Cuando estaba en el colegio era una fiel seguidora del “Encantador de Perros”, un programa producido por National Geographic y realizado por el adiestrador canino, César Millán. Siempre mi sueño había sido poder ayudar a los seres vivos que, sin hablar, nos acompañaban y nos decían cosas mediante lenguaje no verbal. Creía que era necesario aprender a entenderlos, para ayudarlos en caso de molestias y dolores. Sin embargo, al ver ese programa, sabía que algo no estaba bien. No me parecía el uso de castigo y los gritos, ni tampoco la aplicación de la fuerza. Si los humanos no nos tratamos de esa manera, ¿por qué hacerlo con los perros?
Así me di cuenta de que quería investigar aún más y decidí, aún en el colegio, dedicarme a los animales. Entré a Medicina Veterinaria en la Universidad Iberoamericana de Ciencias y Tecnología (Unicit) y ahí empecé a especializarme en cursos de comportamiento. En ese momento, nadie entendía por qué los hacía y con justa razón: en 2006 no existían accesorios para mascotas (como alfombras olfativas o correas largas), comidas especiales (como la Barf) o hoteles caninos/felinos. En el fondo, no existía el nicho que existe actualmente, ni tampoco el interés de las personas por entender mejor a sus mascotas.
Eso comenzó a cambiar desde 2011. Fue ahí cuando la etología clínica llegó para quedarse, tomando fuerza y desmitificando el trabajo que hacían los denominados “psicólogos caninos”. Dichos profesionales prometían cambios de conducta en menos de 6 horas y le vendían a la gente ‘packs’ con la promesa de una educación express poco sostenible en el tiempo. Era como tratar de “arreglar” al perro, como si se tratara de un electrodoméstico y no de un ser único, con sus propios tiempos.
Entendiendo que la salud mental de las mascotas no pasaba solo por lograr que los perros dejaran de tirar la correa o que los gatos no arañaran los muebles, la gente empezó a solicitar más y mejores servicios. Porque se trataba del bienestar de los regalones del hogar.

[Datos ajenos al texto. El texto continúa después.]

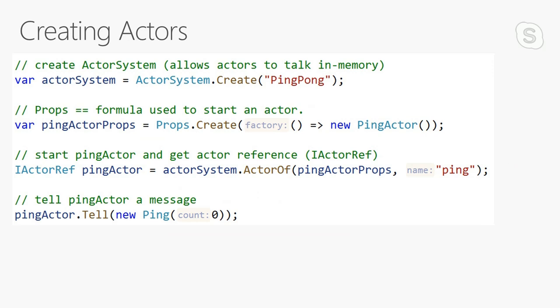After we've created our actor system, the next thing we're going to do is create what's called a set of props for an actor. Props define the actor's type, which constructor we're going to use, what those constructor arguments should be, and some additional configuration parameters. One of the things you can do with Akka.remote is remotely deploy an actor from one process onto another. That's something you can specify in the props.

Con esto, se fueron desmitificando tantas creencias. Una de ellas es la que decía que el líder de la manada tenía que dominar al perro a base de castigos para que le tuviera respeto. Ahora se habla de un tutor de mascotas, que es una educación basada en las neurociencias, y que permite entender al perro como un ser sintiente que no necesita un líder, sino un compañero. Además, la gente empezó a leer libros como “Al Otro Extremo de la Correa”, escrito por la académica de Zoología en la Universidad de Wisconsin-Madison, Patricia McConnell, que trata sobre el comportamiento de los perros ante diferentes situaciones y que busca educar a los tutores en su lenguaje corporal, sus miradas o su forma de comprender el entorno.
Con esta nueva mentalidad, las personas empezaron a comprender que “Hachiko” -el perro Akita, recordado por esperar a su amo en una estación de trenes por 9 años después de su muerte- era más que una mascota para su tutor: era su amigo y parte de su familia. Y luego del estallido social y la pandemia, esa sensación se reafirmó aún más. Con la llegada de nuevos perros y gatos a los hogares, la gente se dio cuenta de lo relevante que es entenderlos, más allá de las conductas normalizadas a principios de los 2000, como por ejemplo usar collar de ahorque y no tener juguetes apropiados.
Algunos tutores, en oportunidades, me han dicho “eres como Eliza Thornberrys”, la protagonista de la serie Los Thornberrys, una niña de 12 años, hija de un zoólogo; que tenía la habilidad de comunicarse con los animales. A veces me siento así (y es un halago, por cierto). Porque eso es lo que hacemos, día a día, los etólogos: investigar y analizar las conductas de perros y gatos, tanto desde lo médico, como lo conductual. Contar con este apoyo, si un perro tira de la correa o si un gato no ocupa de su rascador, puede ser fundamental. Y creo que ese es solo el comienzo para cuidar los animales y pensar en su bienestar.